In the legal proceedings, Dr Ridd never challenged that he engaged in misconduct. The issue was whether he had the right, under the Agreement, to say what he did, and how he did, without ramification.
Dr Ridd challenged the University’s disciplinary action as being unlawful in breach of the Agreement, including his right to express unpopular and controversial views. Dr Ridd argued that the University’s disciplining of him was unlawful as he had a right to do what he did under the intellectual freedom clause of the Agreement.
In the first instance, Judge Vasta of the Federal Circuit Court held in favour of Dr Ridd. At the core of his reasoning, his Honour held that the University had assumed that the Code acted to limit the freedom provided by the Agreement.
Judge Vasta said the Code was not part of the Agreement, so the Agreement’s terms prevailed. The Code was, according to Judge Vasta, subordinate to the intellectual freedom granted by the Agreement. In so finding, Judge Vasta relied on the nature of universities and higher education, saying:
intellectual freedom is so important. It allows academics to express their opinions without fear of reprisals. It allows a Charles Darwin to break free of the constraints of creationism. It allows an Albert Einstein to break free of the constraints of Newtonian physics. It allows the human race to question conventional wisdom in the never-ending search for knowledge and truth. And that, at its core, is what higher learning is about.
Dr Ridd was awarded over $1.2 million for breaches of the Fair Work Act 2009 (Cth).
Unsurprisingly, the University appealed the first decision. The Full Federal Court held that the University was able to discipline Dr Ridd.

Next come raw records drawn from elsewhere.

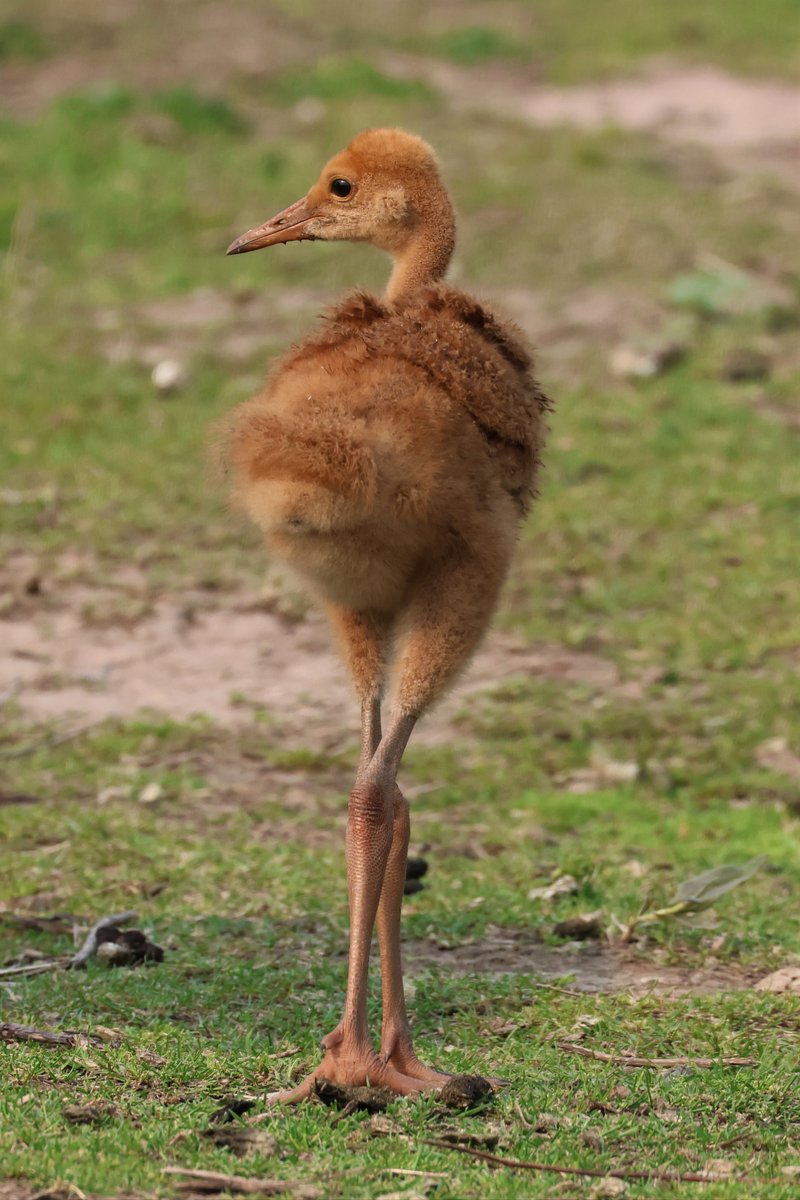 Sandhill Crane colt on the path to becoming a beautiful adult. Photo from May 17th.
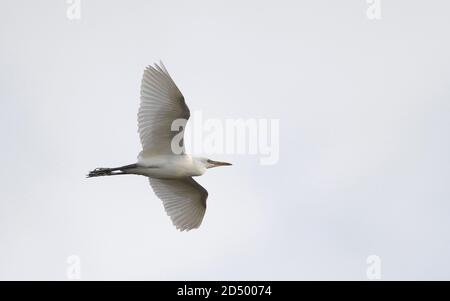 Garzetta di bestiame, airone di bufo (Ardeola ibis, Bubulcus ibis), immaturo in volo, Spagna, Andalusia Foto Stock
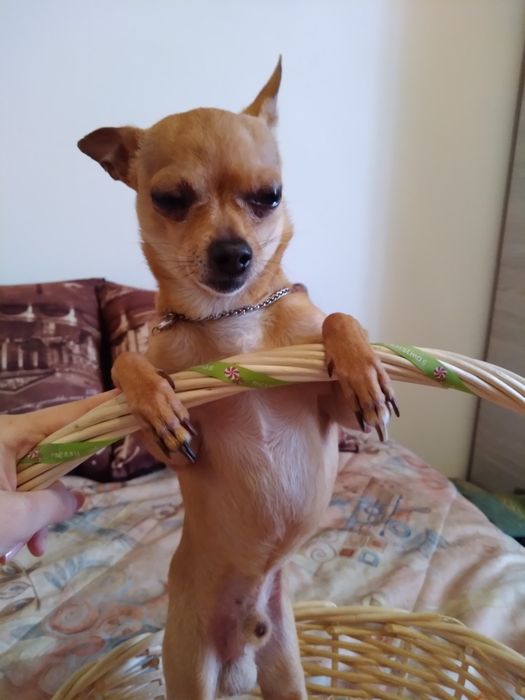 Вязка той терьера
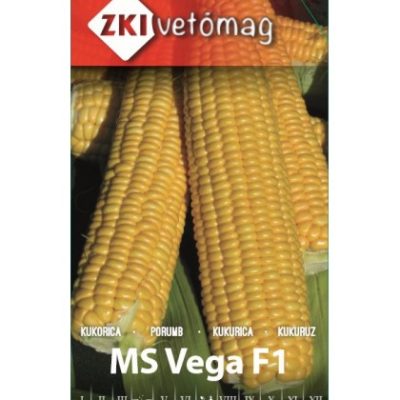 Csemege kukorica MS Vega  F1 100 szem ZK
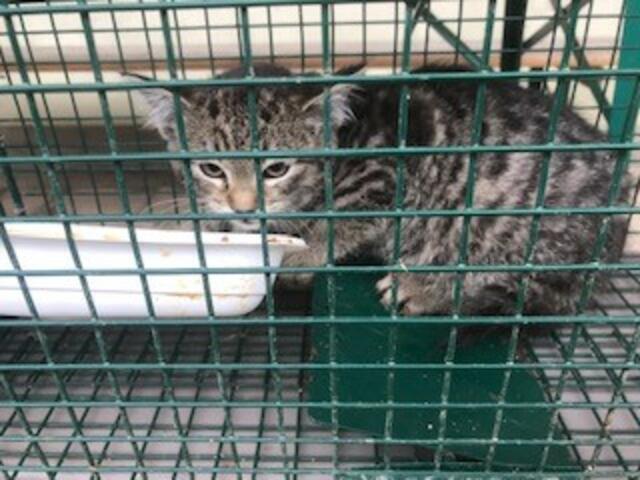 Viele Katzen finden beim Verein Tierseelenhoffnung Zuflucht. | Foto: Tierseelenhoffnung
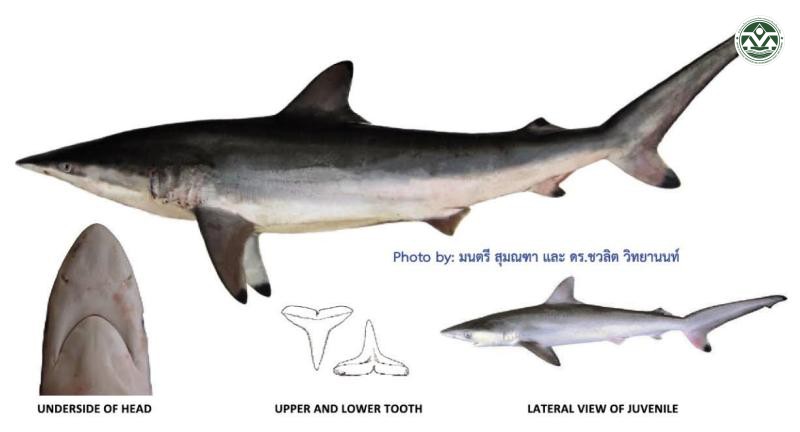 Carcharhinus brevipinna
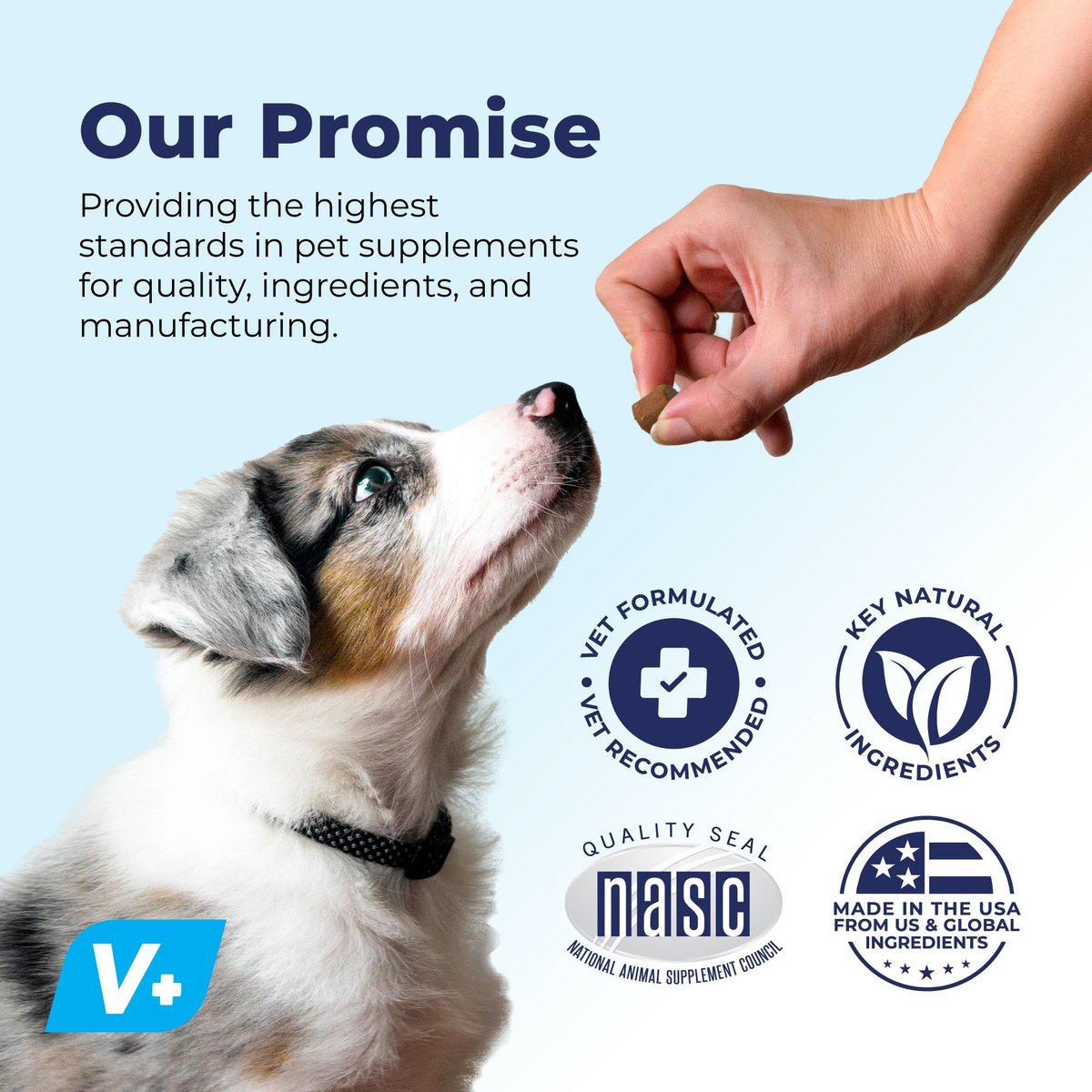 Vetnique Labs Dermabliss Salmon Flavored Allergy Support and Fish Oil Soft Chew Supplement for Dogs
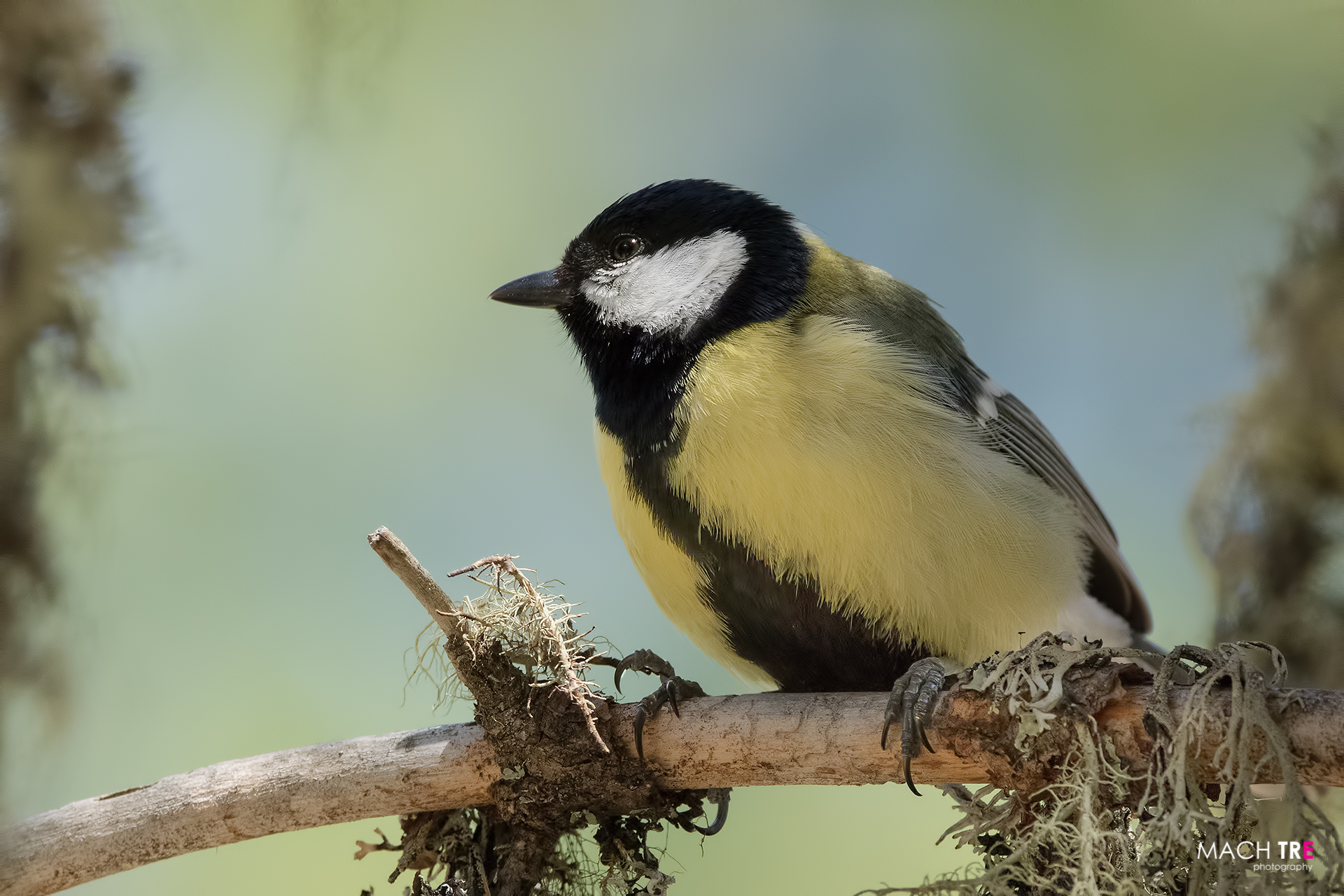 Cinciallegra (Parus major)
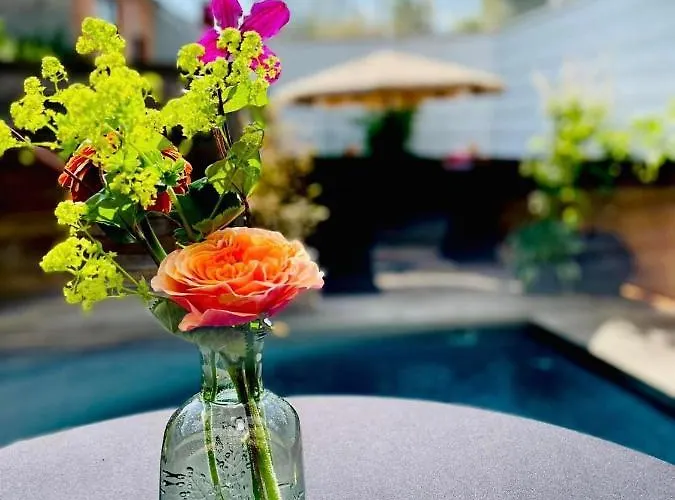 Neozone Neostudio Malmedy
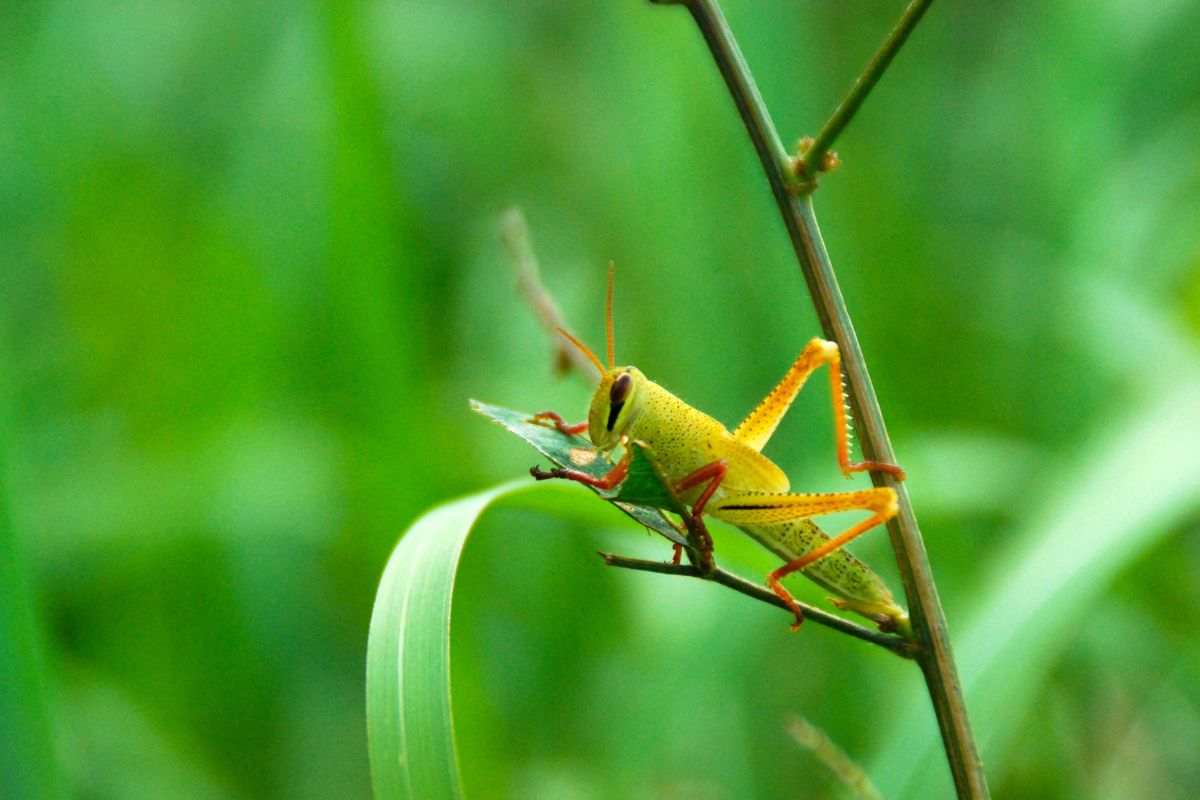 Una cavalletta poggiata su una foglia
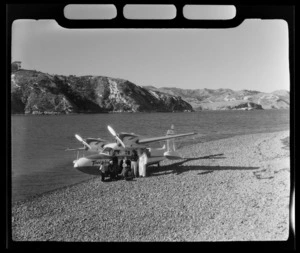 Great Mercury Island, Mercury Islands, Waikato Region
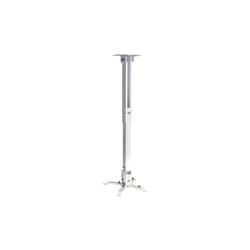 Support Pour VidéoProjecteur Telon 43-65 cm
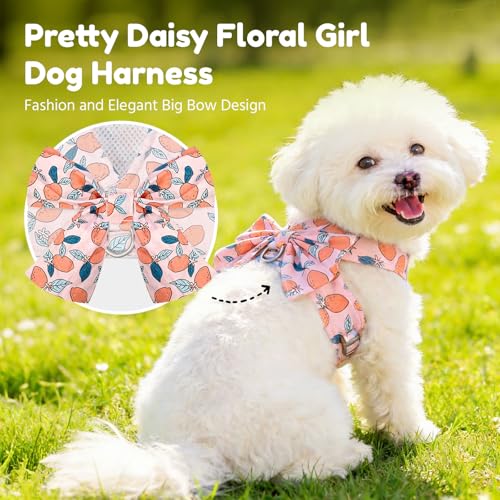 BAEJMJK Dog Harness and Leash Set with Bow Knot No Pull Pet Floral Harness with D-Ring Soft Mesh Dog Harness Vest Set Esca...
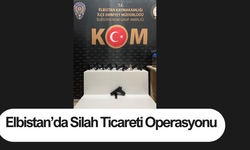 Elbistan’da silah ticareti operasyonu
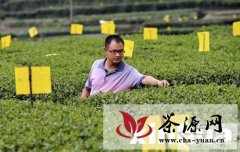 湖北宣恩县推广夏季茶园“黄色革命”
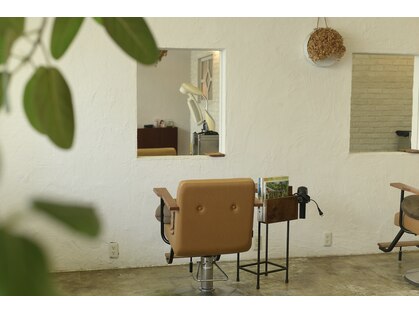 ノーム(NOOM)の写真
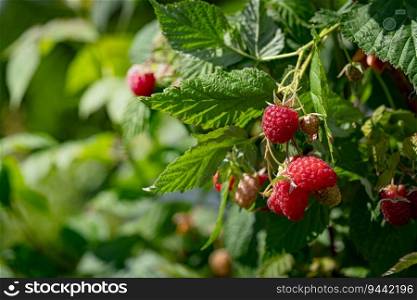 Raspberries. Branch of ripe raspberries in a garden. Close up of raspberry plant.. Branch of ripe raspberries in a garden.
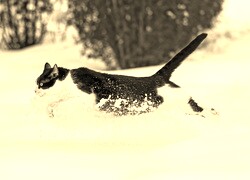 Szary + Sepia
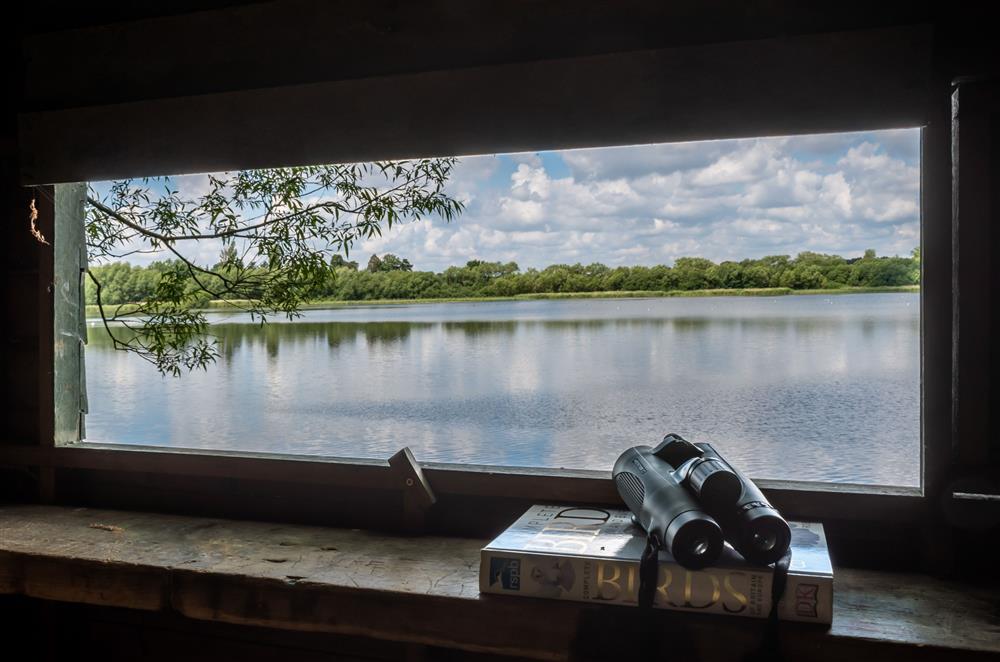 Look out onto the lake and watch the birds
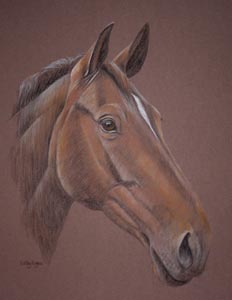 bay horse portrait - Pierrot
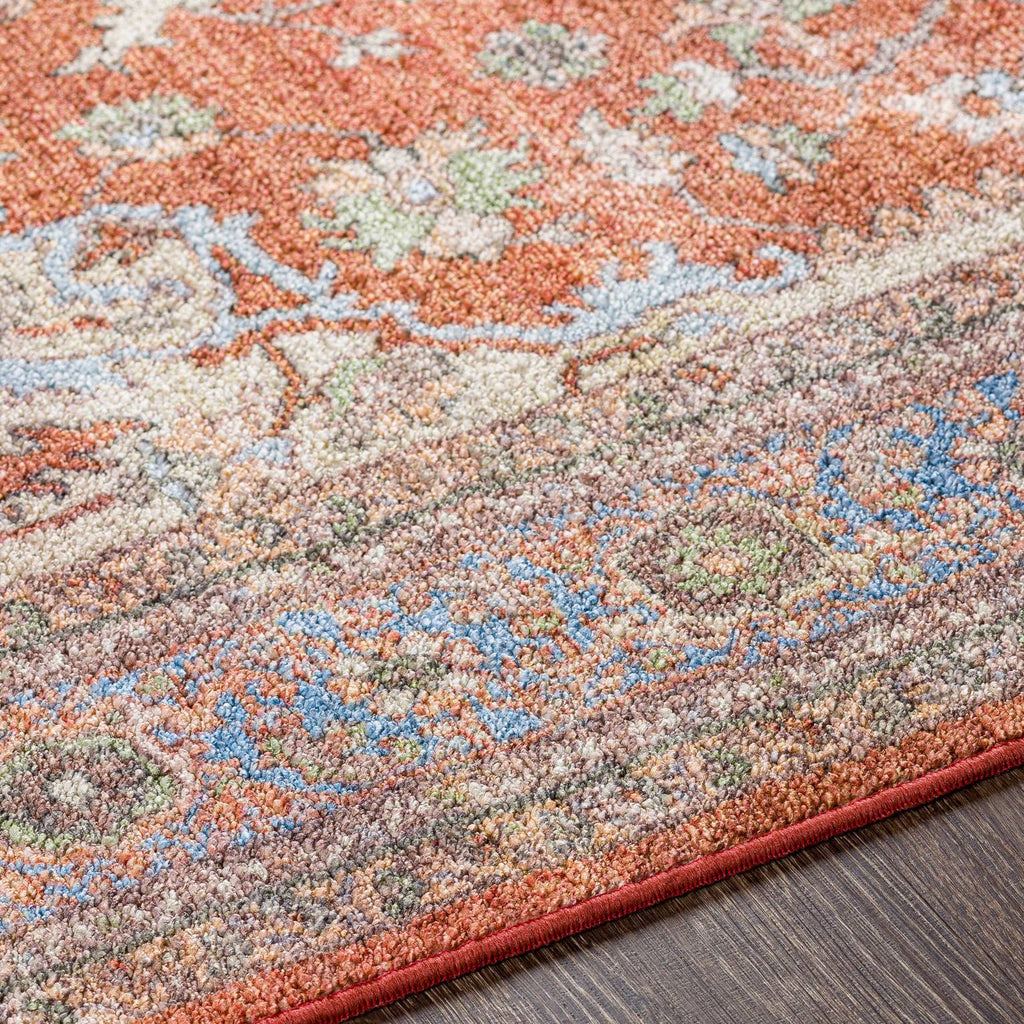 Burnt Orange Traditional Area Rug Y28699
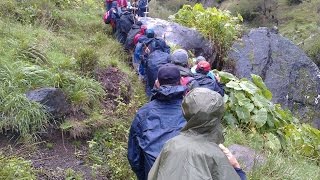 Passeio CCM  Serra dÁgua Curral Jangão Relvinhas até ao Curral das Freiras 31 10 2015 [upl. by Scheld803]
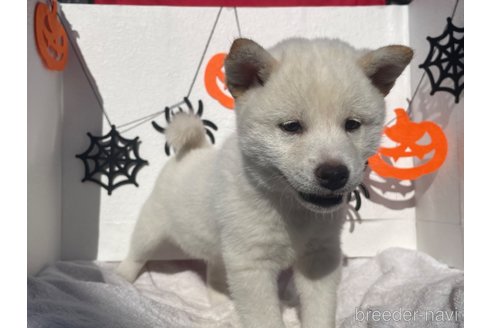 成約済の広島県の柴犬-266685の2枚目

Justices Griffiths and Derrington held that the Code acted in conjunction with the Agreement to ‘regulate the manner in which’ intellectual freedom is to be applied. In particular, they had regard to the fact that:
the intellectual freedom was not broad ranging, and it came ‘with a responsibility to respect the rights of others’; and
the right of others are set out in the Code, which is expressly referred to and ‘enshrined in’ the Agreement.
Their Honours found that the University’s actions, confidentiality directions and termination were not in breach of the Agreement properly interpreted.
So what now?
In February 2021, the High Court granted Dr Ridd leave to appeal the Full Federal Court’s decision. Dr Ridd is maintaining his argument that the Code should not limit his intellectual freedom in the Agreement.
The issue for the High Court is narrow. It involves the proper interpretation of an enterprise agreement to determine how a policy and the enterprise agreement interact with each other. Do they operate together or does one prevail over the other?
This is not a broad ranging case on whether academics have a free-standing untrammelled intellectual freedom (or employees, a freedom of speech). Rather, the focus is limited to whether the University can rely on the Code of Conduct, in the context of an enterprise agreement, to discipline an employee whose conduct falls foul of the Code.
For employers that have employment contracts, their own codes of conduct and policies setting standards of behaviour, the issue is often can it enforce those standards when an employee can, or is able to, engage in contrary behaviour. Sometimes the boundary is not clear.
Employment is a two-way street. Employees enter employment knowing they owe duties to their employer and need to comply with their employer’s codes and policies in return for their wage. Perhaps this calls for moderation in behaviour if the employee wants to maintain that employment (especially if their behaviour has a direct impact on the business, clients and colleagues).